The Greek Culture Ministry announced that the 6th century BC clay vessel was considered lost for decades until a Greek archeologist named Giorgos Kavvadias discovered it in the University of Muenster’s collections during research he was conducting in 2014.
The Culture Ministry said in their statement that it was proved “beyond any doubt” that the double-handled wine cup that is painted with ancient runners was the one given to Louis after he won the 1896 race.
Following correspondence with Greek officials, the university agreed to return the cup, which was part of a private German collection housed at the university.
The statement said the collection had been put together by Werner Peek, a historian who lived in Athens during the 1930s. It is unknown how the cup ended up in Peek’s hands and eventually made its way to Germany, according to an Associated Press report.
Greece has, for years, been on a mission to repatriate items relating to its cultural heritage that was acquired illegally from nations and private collectors. In January of 2018 officials worked in conjunction with New York police to recover dozens of items from a billionaire’s private collection.
Of course, the largest repatriation campaign has focused on bringing the Parthenon Marbles back to Greece from England, where they are on display at the British Museum.

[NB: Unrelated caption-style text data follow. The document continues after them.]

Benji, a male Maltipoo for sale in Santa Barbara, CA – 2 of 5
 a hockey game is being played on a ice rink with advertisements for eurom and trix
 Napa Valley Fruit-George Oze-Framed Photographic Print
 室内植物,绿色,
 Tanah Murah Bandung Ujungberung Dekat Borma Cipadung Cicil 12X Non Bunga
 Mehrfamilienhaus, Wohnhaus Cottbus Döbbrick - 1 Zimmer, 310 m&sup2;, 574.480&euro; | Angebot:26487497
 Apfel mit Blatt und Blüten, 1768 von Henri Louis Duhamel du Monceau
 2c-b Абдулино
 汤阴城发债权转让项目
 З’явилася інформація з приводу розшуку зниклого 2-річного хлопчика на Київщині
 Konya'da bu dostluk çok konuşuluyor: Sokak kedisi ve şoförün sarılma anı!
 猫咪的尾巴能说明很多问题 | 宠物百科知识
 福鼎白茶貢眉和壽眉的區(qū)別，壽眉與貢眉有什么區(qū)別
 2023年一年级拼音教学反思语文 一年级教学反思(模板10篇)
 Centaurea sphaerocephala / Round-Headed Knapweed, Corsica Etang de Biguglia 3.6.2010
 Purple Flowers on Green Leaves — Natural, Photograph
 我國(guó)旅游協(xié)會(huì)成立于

The vessel will be exhibited for the next three months in Athens at the National Archaeological Museum before being put on permanent display in Ancient Olympia, birthplace of the ancient Games.
Louis had no training in running and stunned the audience at the first modern Olympics at the Panathenaic Stadium. He was presented with a silver cup, which is on permanent display at the Stavros Niarchos Cultural Center in Athens, and a silver medal— as well as the ancient drinking cup.